Competitive markets for order flow, executions, and transaction reports provide pricing discipline for the inputs of proprietary data products and therefore constrain markets from overpricing proprietary market data. The U.S. Department of Justice recently acknowledged the aggressive competition among exchanges. In announcing the abandoned bid for NYSE Euronext by NASDAQ OMX Group Inc. and IntercontinentalExchange Inc., Assistant Attorney General Christine Varney stated that exchanges “compete head to head to offer real-time equity data products. These data products include the best bid and offer of every exchange and information on each equity trade, including the last sale.”

Press Release, U.S. Department of Justice, Assistant Attorney General Christine Varney Holds Conference Call Regarding NASDAQ OMX Group Inc. and IntercontinentalExchange Inc.

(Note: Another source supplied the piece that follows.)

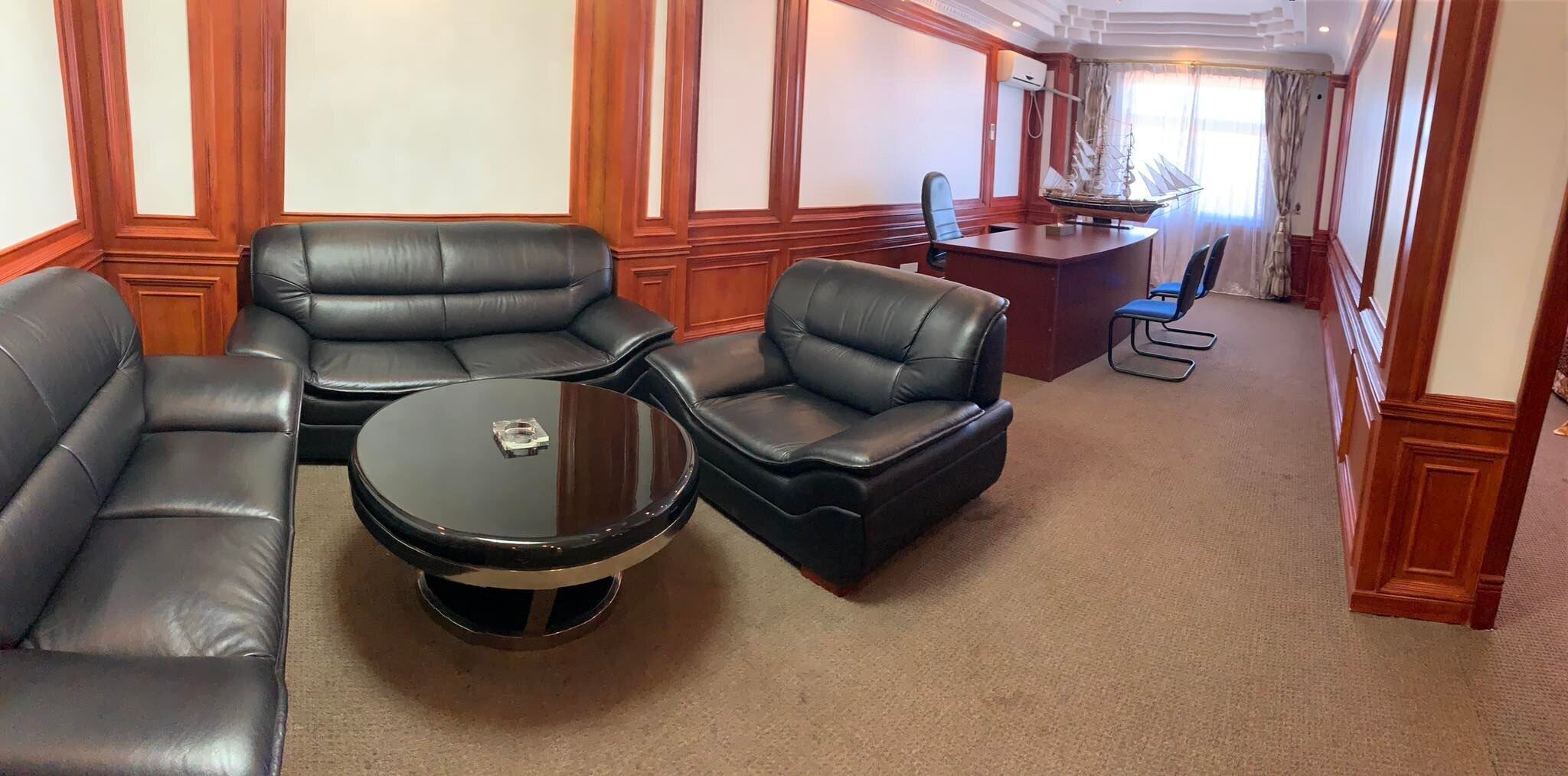 penthouse | living area | 50-cm flat-screen tv with cable channels, tv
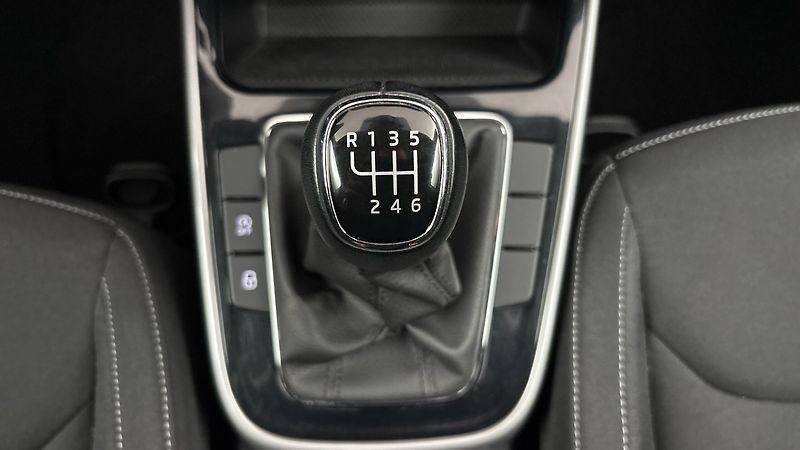 Škoda Fabia 1.0 TSI Style - fotka 22 z 23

Abandoning Their Bid for NYSE Euronext (May 16, 2011), available at http://www.justice.gov/iso/opa/atr/speeches/2011/at-speech-110516.html.

Transaction execution and proprietary data products are complementary in that market data is both an input and a byproduct of the execution service. In fact, market data and trade execution are a paradigmatic example of joint products with joint costs. The decision whether and on which platform to post an order will depend on the attributes of the platform where the order can be posted, including the execution fees, data quality, and price and distribution of its data products. Without trade executions, exchange data products cannot exist. Moreover, data products are valuable to many end users only insofar as they provide information that end users expect will assist them or their customers in making trading decisions. The Exchange notes in that respect that the NYSE Arca Integrated Data Feed would provide greater efficiencies and reduce errors for vendors and subscribers, including high-frequency traders, that otherwise would have to integrate the data feeds manually.

The costs of producing market data include not only the costs of the data distribution infrastructure, but also the costs of designing, maintaining, and operating the exchange's transaction execution platform and the cost of regulating the exchange to ensure its fair operation and maintain investor confidence. The total return that a trading platform earns reflects the revenues it receives from both products and the joint costs it incurs. Moreover, an exchange's broker-dealer customers view the costs of transaction executions and of data as a unified cost of doing business with the exchange. A broker-dealer will direct orders to a particular exchange only if the expected revenues from executing trades on the exchange exceed net transaction execution costs and the cost of data that the broker-dealer chooses to buy to support its trading decisions (or those of its customers). The choice of data products is, in turn, a product of the value of the products in making profitable trading decisions. If the cost of the product exceeds its expected value, the broker-dealer will choose not to buy it.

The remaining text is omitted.